Paddock killed himself with a gunshot to the mouth before police reached him. The 64-year-old retired accountant and multimillionaire real estate investor had earned hotel upgrades as a high-stakes video poker gambler at several Las Vegas casino resorts.
Danley was in the Philippines at the time of the shooting.
Lombardo and Aaron Rouse, FBI agent in charge in Las Vegas, had described Danley as a person of interest in the investigation but not a suspect. She was questioned by the FBI when she arrived in Los Angeles from overseas, and was described as cooperating with investigators.
However, a document filed Oct. 6 and unsealed last Friday by a federal judge in Las Vegas said the FBI considered Danley “the most likely person who aided or abetted Stephen Paddock.”
Questions have been raised about Danley’s receipt in the Philippines of a $10,000 wire transfer from Paddock just days before the shooting.
Danley told investigators that over the course of the past year, Paddock had become “distant” and their relationship was no longer intimate, the report says. She described him as “germophobic” and said he had strong reaction to smells. She said he had begun to buy firearms over the course of the last year and that Danley believed it was a “hobby” of his.

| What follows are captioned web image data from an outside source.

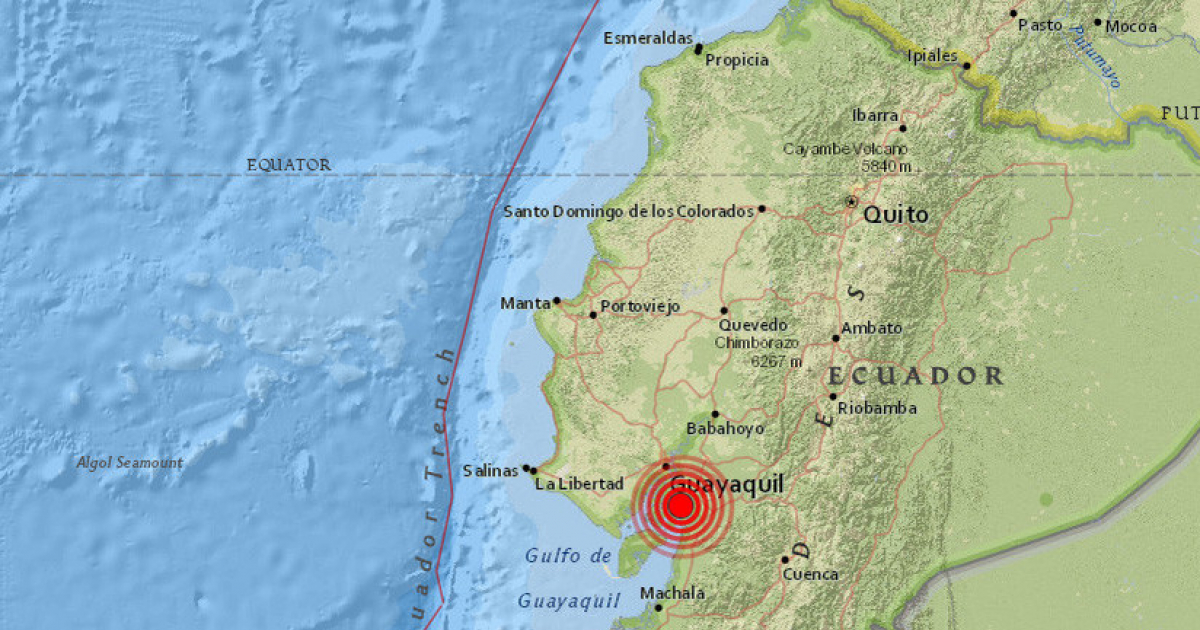 Terremoto en Ecuador © earthquake.usgs.gov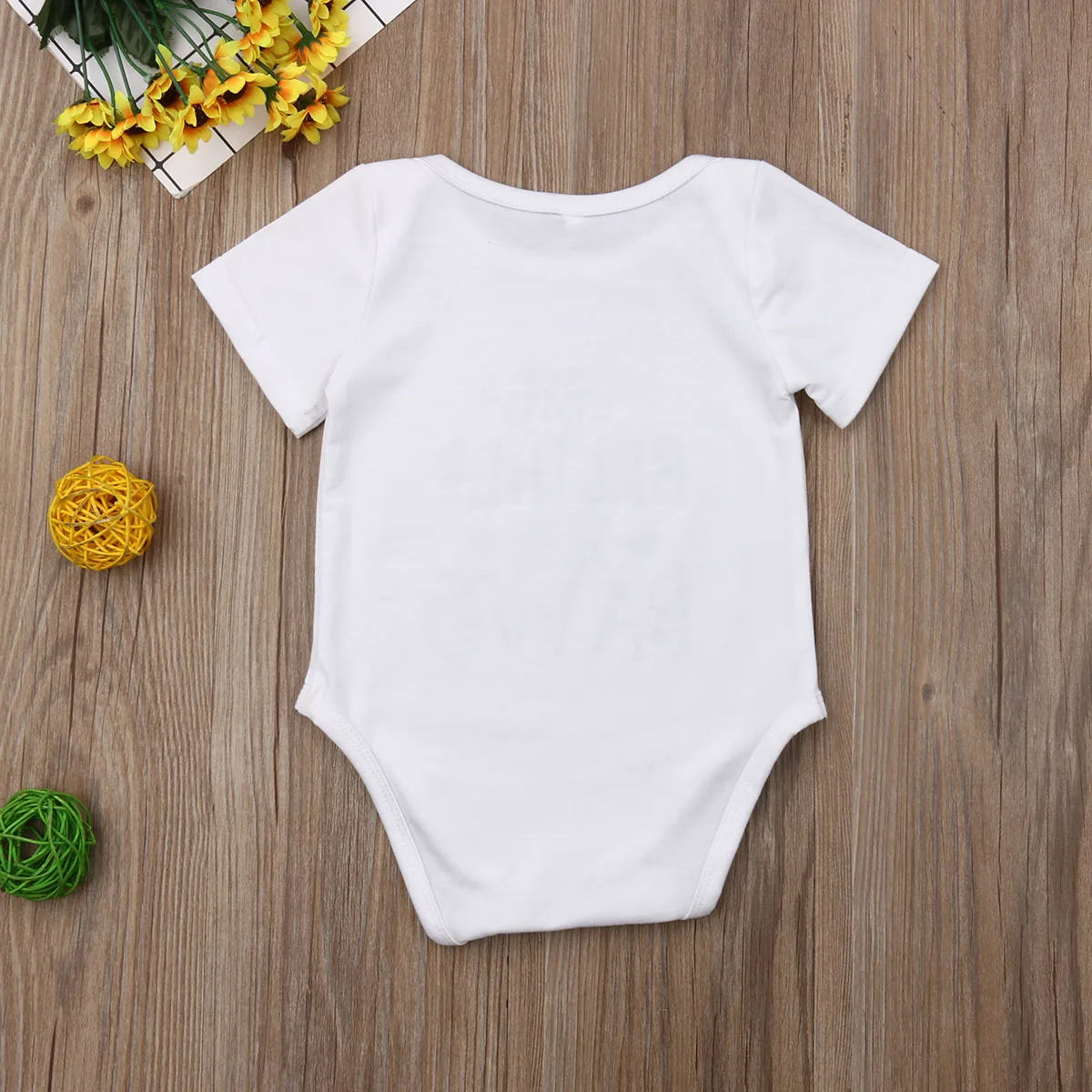 2019 Baby Summer Clothing Cue Infant Boy Girl Bodysuit Letter Print Short Sleeve White Jumpsuit Clothes Match Outfits 0-18M | Детская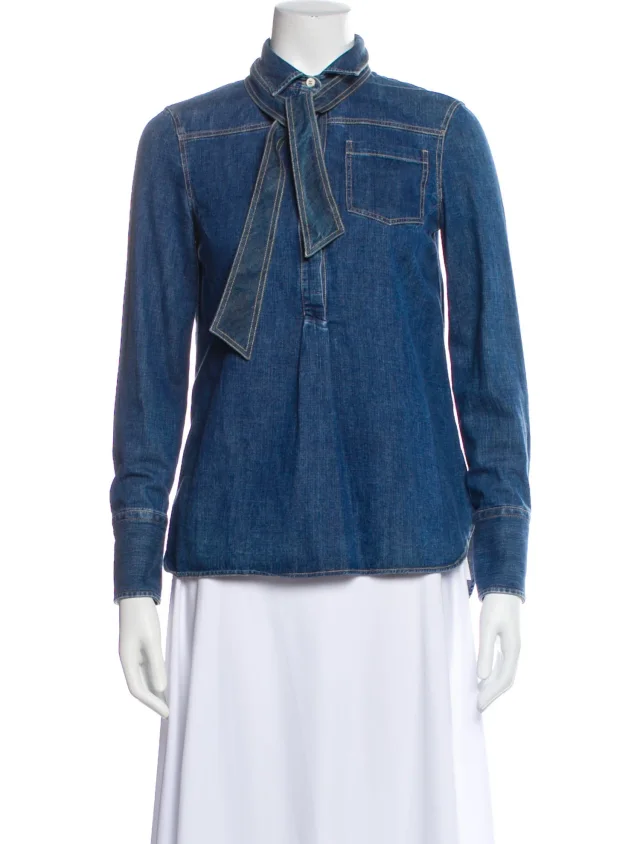 Brunello Cucinelli Denim Jacket in blue Denim from The RealReal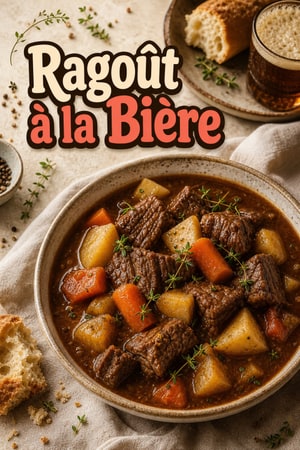 Ragoût de Bœuf à la Bière en Cocotte Minute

Danley, according to the report, said the couple had stayed at the Mandalay Bay in the beginning of September 2017 in a room overlooking Las Vegas Village venue. She said Paddock was behaving strangely, constantly looking out windows and moving from window to window to look at the site from different angles.
FBI warrant documents also showed that Danley told investigators that they would find her fingerprints on bullets used during the attack because she would sometimes help Paddock load high-volume ammunition magazines, and that Danley deleted her Facebook account in the hours immediately following the shooting.
The Clark County coroner ruled that all 58 people killed in the attack died of gunshot wounds. Paddock’s death was ruled a suicide. Media organizations including The Associated Press are seeking autopsy records that have not been made public.